Radars equipped with state-of-the-art sensors contribute to the direction of manufacturing safer autonomous cars.
The concept of possessing self-driving vehicles is not far away. One of the major issues to be taken into account is that of safety. No compromises should be made regarding this crucial and sensitive matter. Until now, the research and manufacturing community has developed a variety of sensor systems that allow cars to detect other objects on the road. Most of them make use of visible or near-infrared light. Such sensors that are preventing collisions are now common in modern cars.
However, optical sensing seems not to be practical or effective in spotting items out of the car’s line of sight. They need to utilize high-powered lasers to, set aside the fact that they are restricted to short ranges.
Researchers from Princeton University combined artificial intelligence and radars to develop a new radar system that can be easily integrated into today’s vehicles. Its operating principle is based on the Doppler effect. More specifically, a Doppler radar is used to bounce radio waves off surfaces such as buildings and parked automobiles. Mounted in front of the vehicle, they emit a radar signal that hits the surface at an angle, so its reflection rebounds off like a cue ball hitting the wall of a pool table.

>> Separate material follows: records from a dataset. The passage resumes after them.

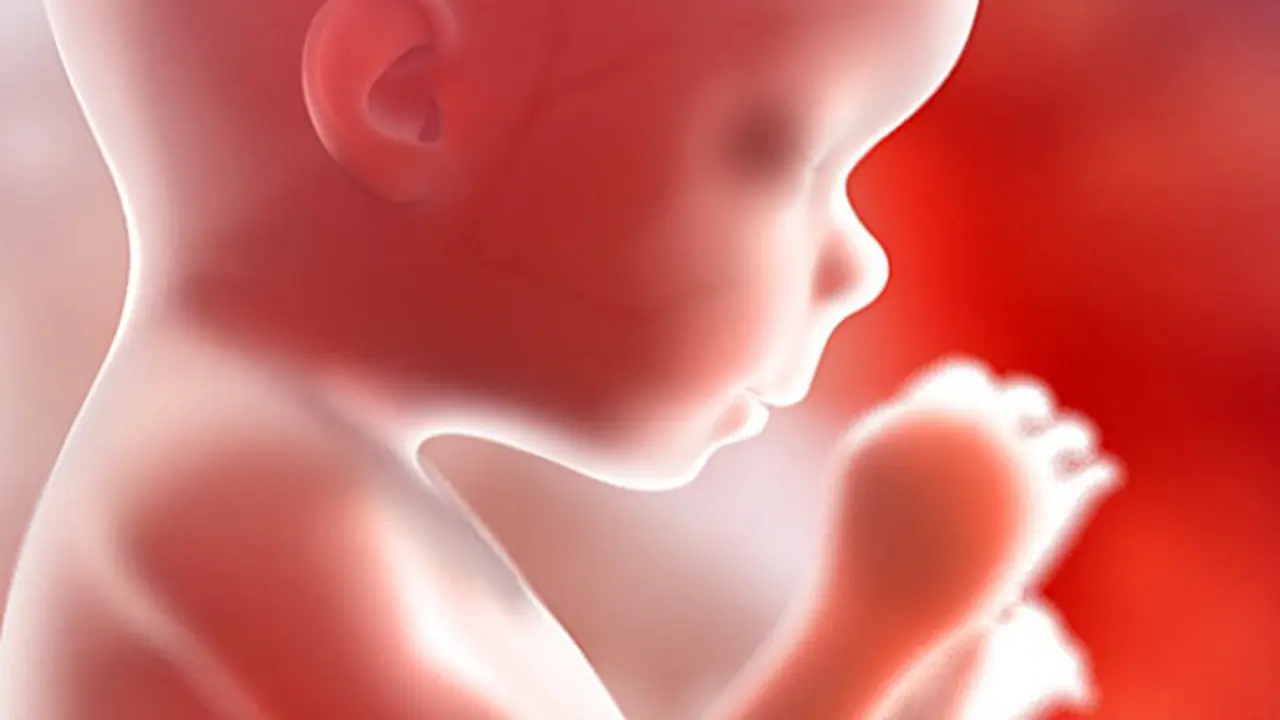 Autisme Tak Bisa Dikenali Sejak Dalam Kandungan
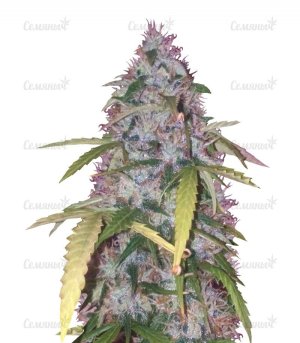 sort_Auto_Bubblegum_Pro_victory_seeds__DdNH8xa3Y6k2olsB.jpg sort_Auto_Bubblegum_Pro_victory_seeds__DdNH8xa3Y6k2olsB.jpg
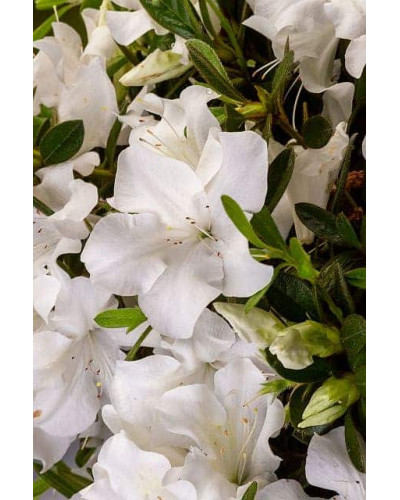 Рододендрон/Азалія Пур Уайт | Рододендрон/Азалия Пур Уайт | Rhododendron (AJ) Encore® Pure White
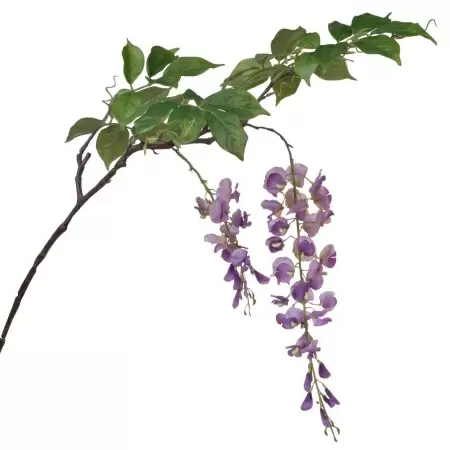 Глициния искусственная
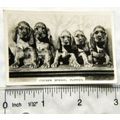 1939 Senior Service Dogs No. 6 Cocker Spaniel P...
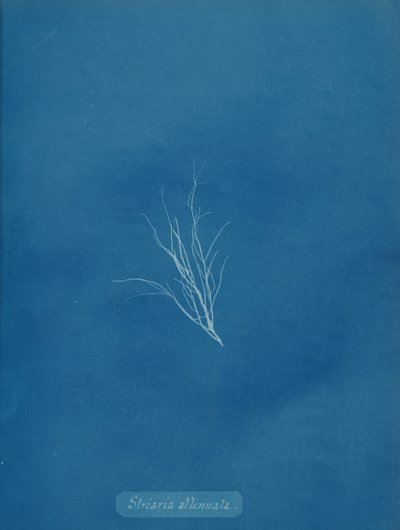 Striaria svekket, ca. 1853. av Anna Atkins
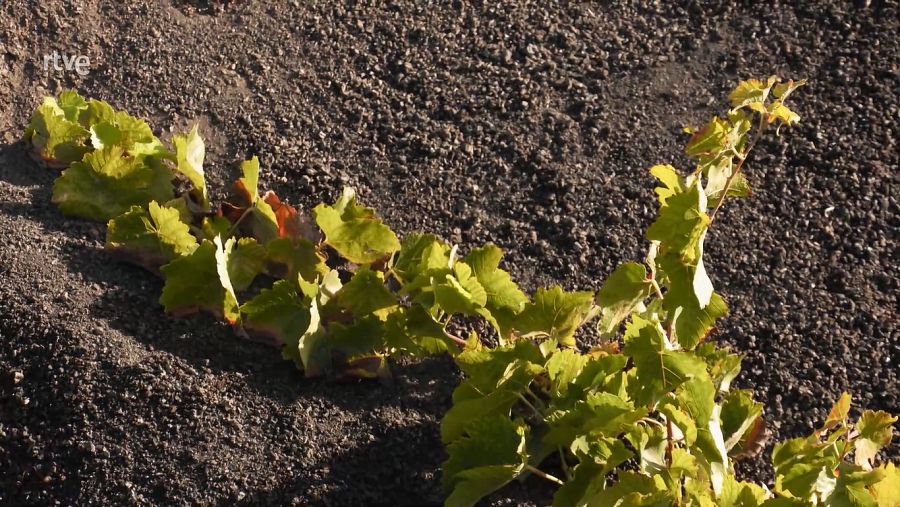 Viñedo de uva malvasía volcánica | Viajes Aquí La Tierra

The signal goes on to strike objects hidden around the corner. Some of the radar signals bounce back to detectors mounted on the car, allowing the system to see objects around the corner and determine the speed of the object and the direction of movement. In real-world applications, a driver or autonomous driving system will be alerted to potential hazards.
To allow the system to distinguish objects, the team processed part of the radar signal that standard radars consider background noise rather than useful information. The team applied artificial intelligence techniques to refine the processing and read the images. The computer running the system had to learn to recognize cyclists and pedestrians from a very sparse amount of data.The system currently detects pedestrians and cyclists because the engineers felt those were the most challenging objects due to their small size and varied shape and motion. The system could be adjusted to detect vehicles as well.
“In terms of integration and bringing it to market, it requires a lot of engineering. But the technology is there, so there is the potential for seeing this very soon in vehicles”, said Felix Heide, an assistant professor of computer science at Princeton University.